Exercise goal: From the first line of the data down to the line bearing "Pufangnice Hoa Ba", output every line exactly and include no pictures.

== Segment start ==

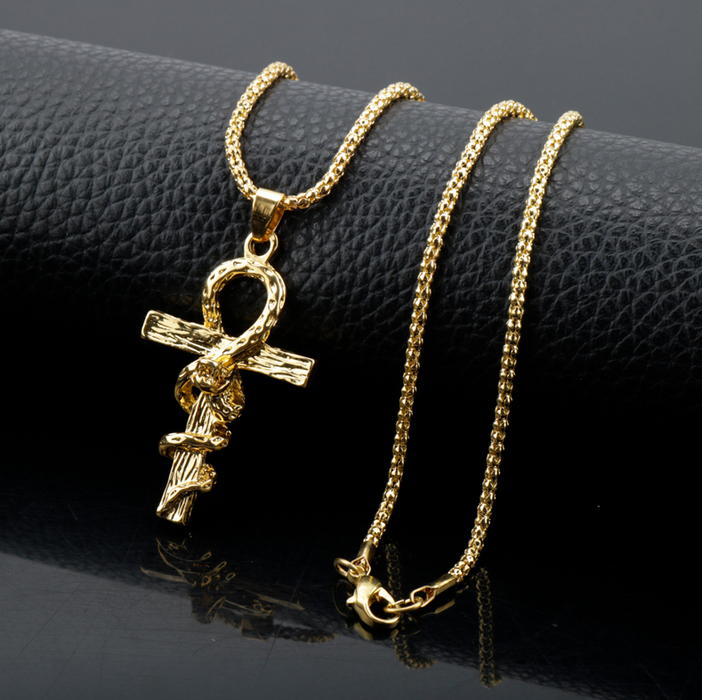 Punk Hip Hop Vintage Snake Cross Necklace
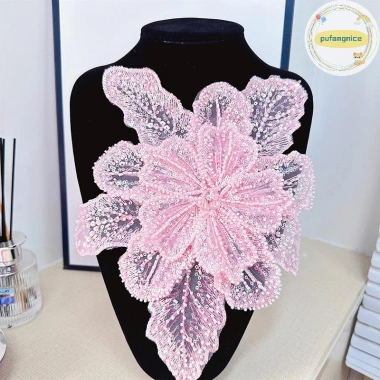 Pufangnice Hoa Ba Chiều Nhiều Lớp Organza Pha Lê Đính Ngọc Trai - Trâm Phụ Kiện Trang Trí VN Giá Ưu Đãi 91.850 VND 12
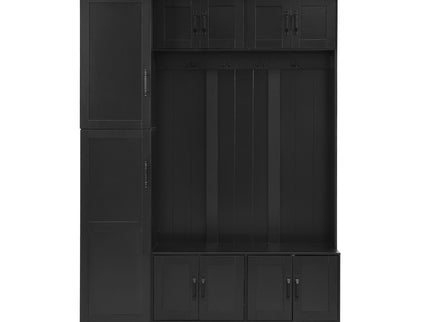Tall Hall Tree With Shoe Storage, 4 In 1 Entryway Bench With 6 Cabinets, 4 Coat Hooks & Adjustable Shelf For Hallway - Black
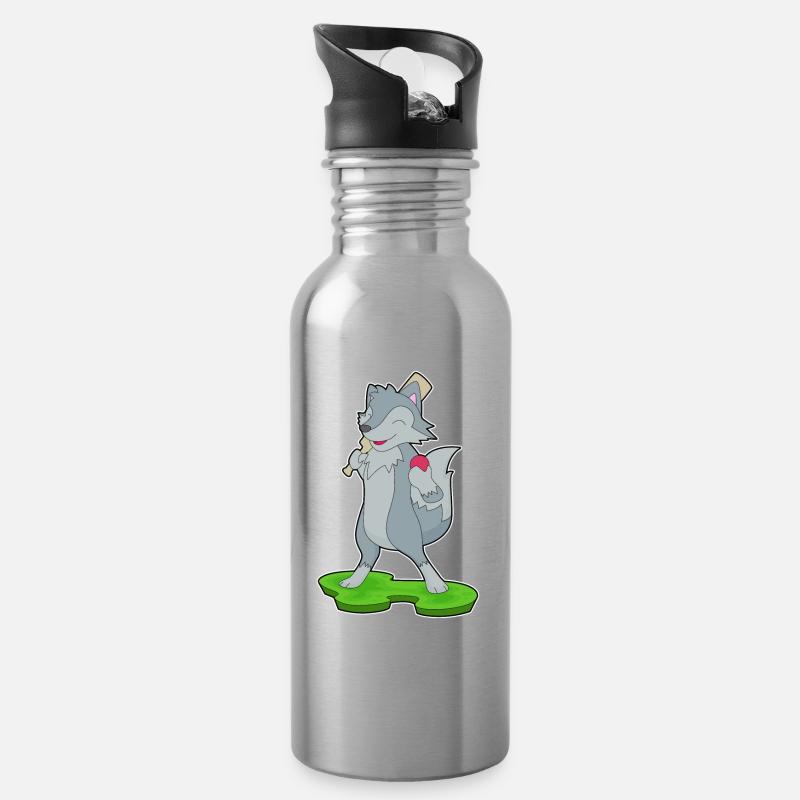 Wolf Cricket Cricketschläger - Trinkflasche mit integriertem Trinkhalm - Lightsilver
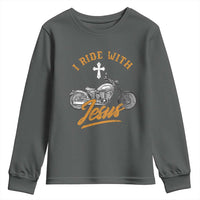 Christian Biker Youth Sweatshirt I Ride With Jesus Faith Motorcycle
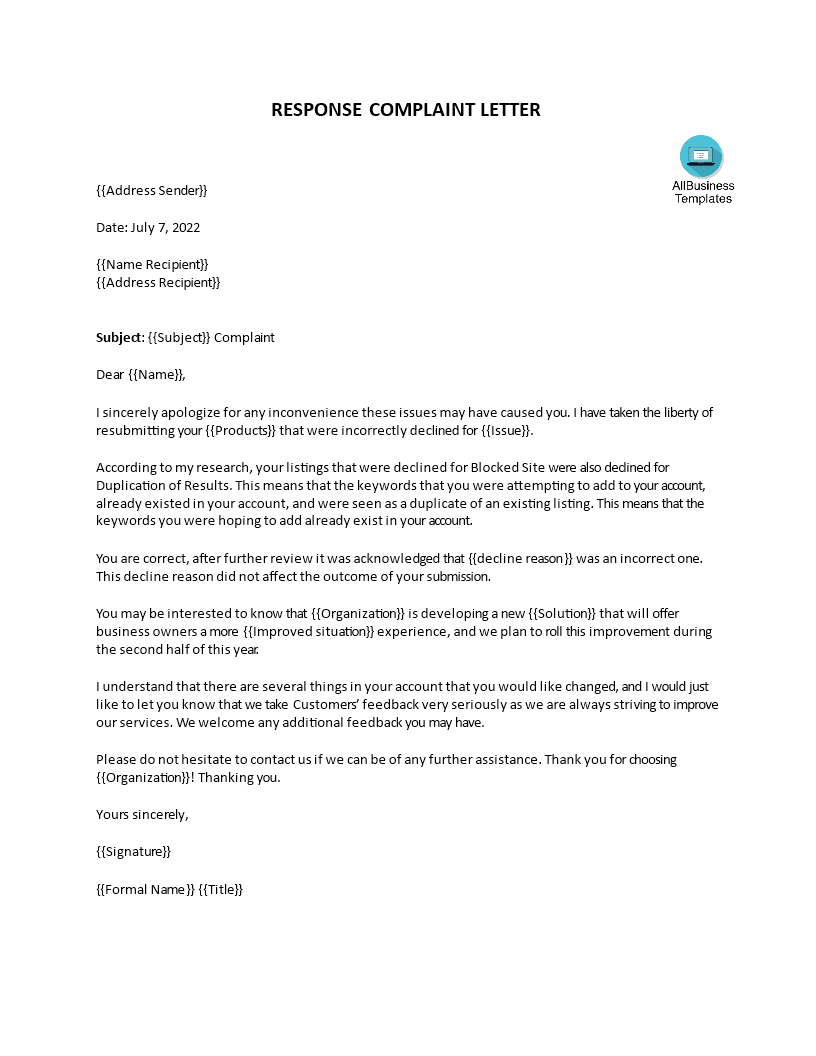 customer complaint response letter voorbeeld afbeelding 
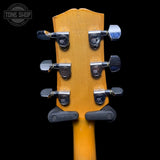 Back of headstock of Vintage 1975 Gibson L6S Midnight Black w/Changed Tuners w/OHSC TFW3654.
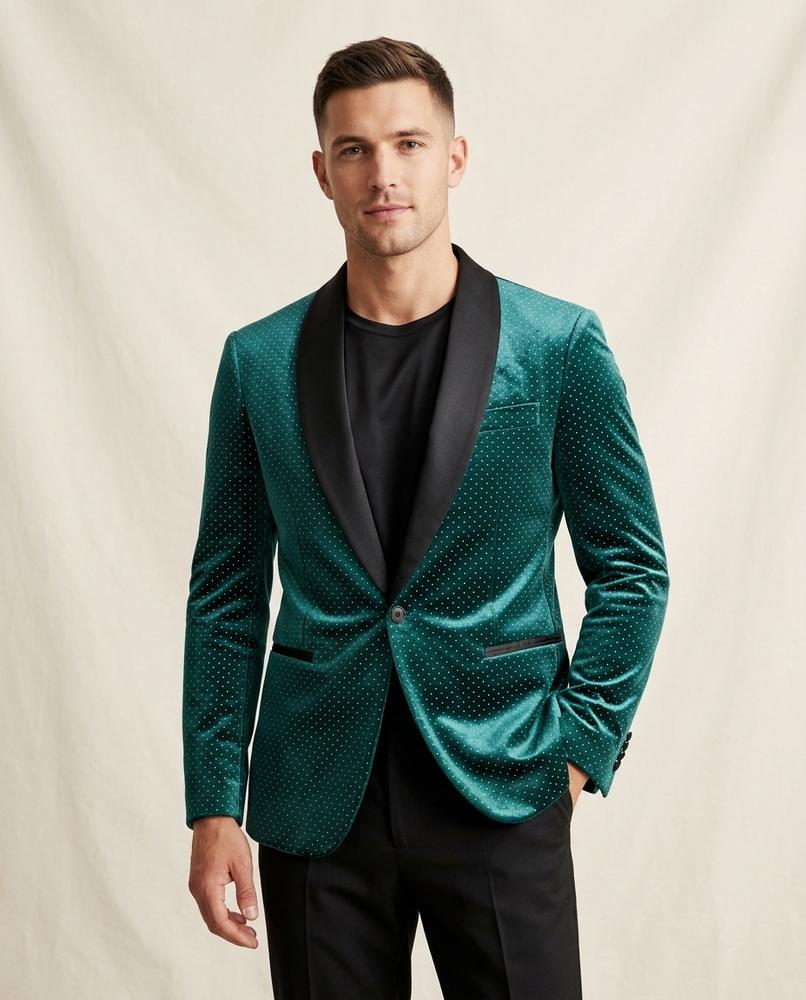 Lands Fashion - Vemer | Polka Dot Velvet Blazer Men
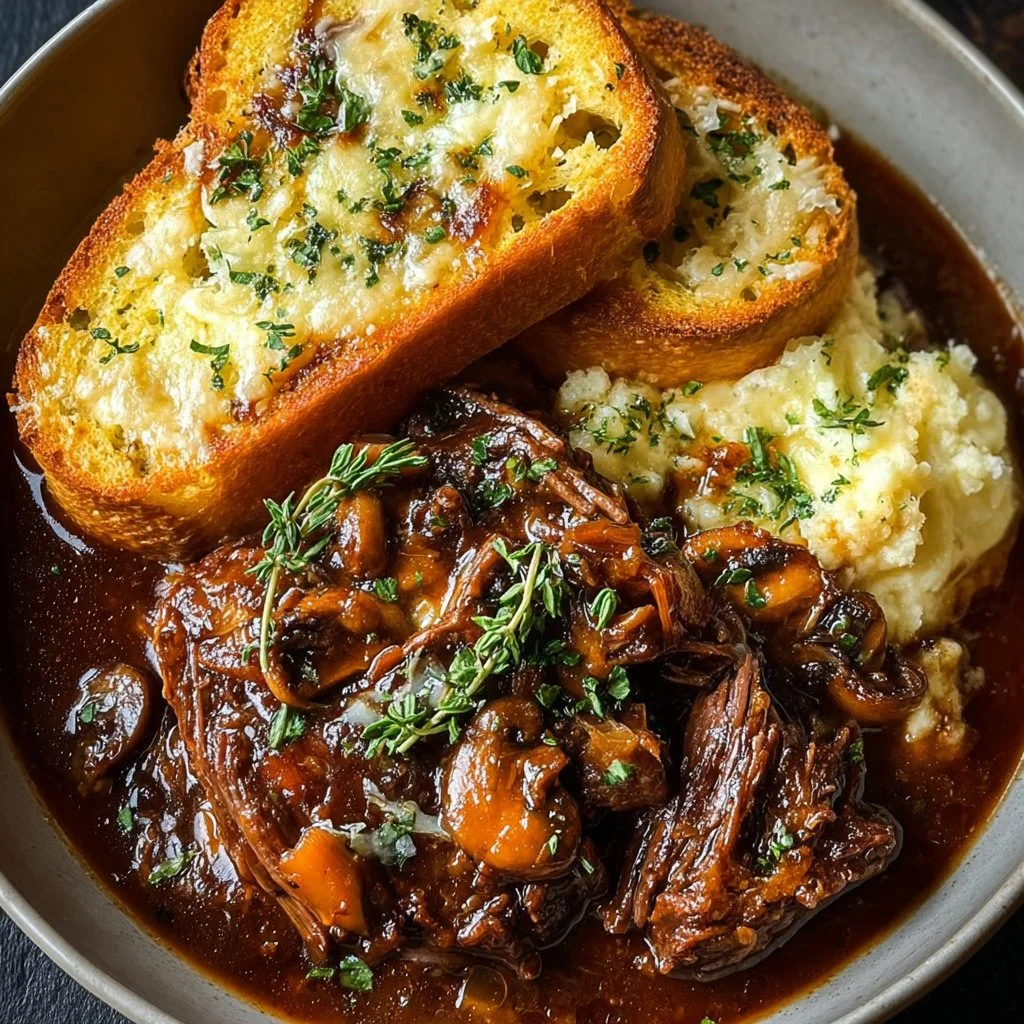 Savory French onion beef with mushrooms and Gruyère toast served in a beautiful dish.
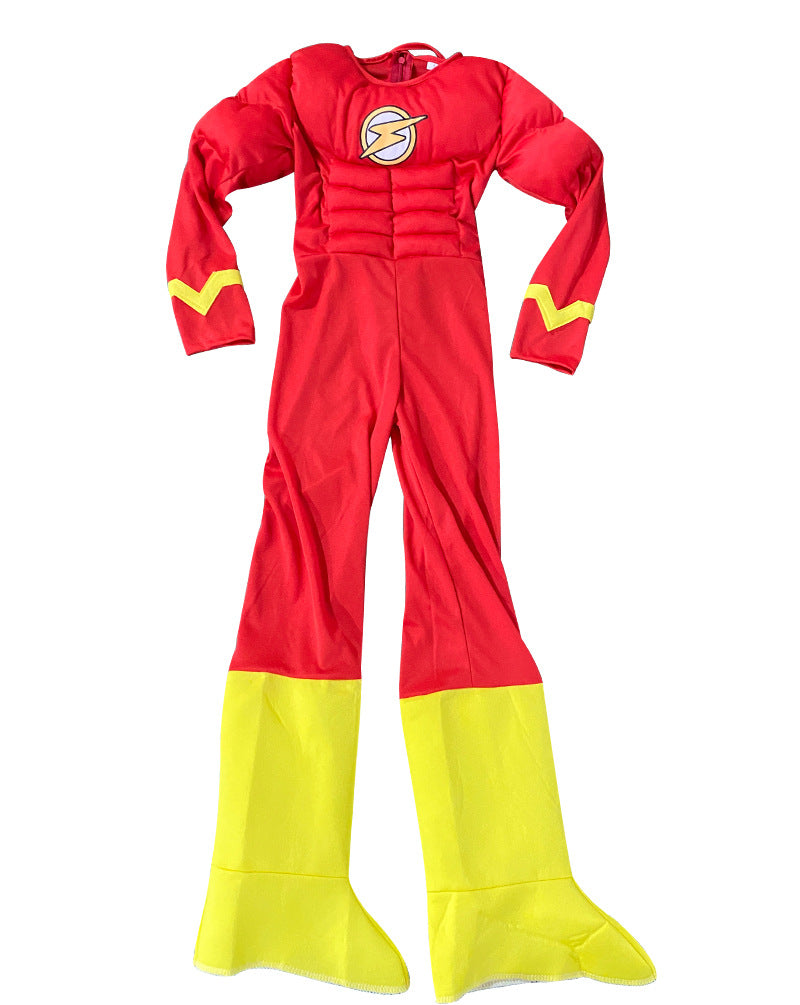 Halloween Kids Superhero Muscle Dress Up The Flash Dress Up Boys Anime Figure Cosplay Costume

== Segment end ==

Output for this exercise:
 Punk Hip Hop Vintage Snake Cross Necklace
 Pufangnice Hoa Ba Chiều Nhiều Lớp Organza Pha Lê Đính Ngọc Trai - Trâm Phụ Kiện Trang Trí VN Giá Ưu Đãi 91.850 VND 12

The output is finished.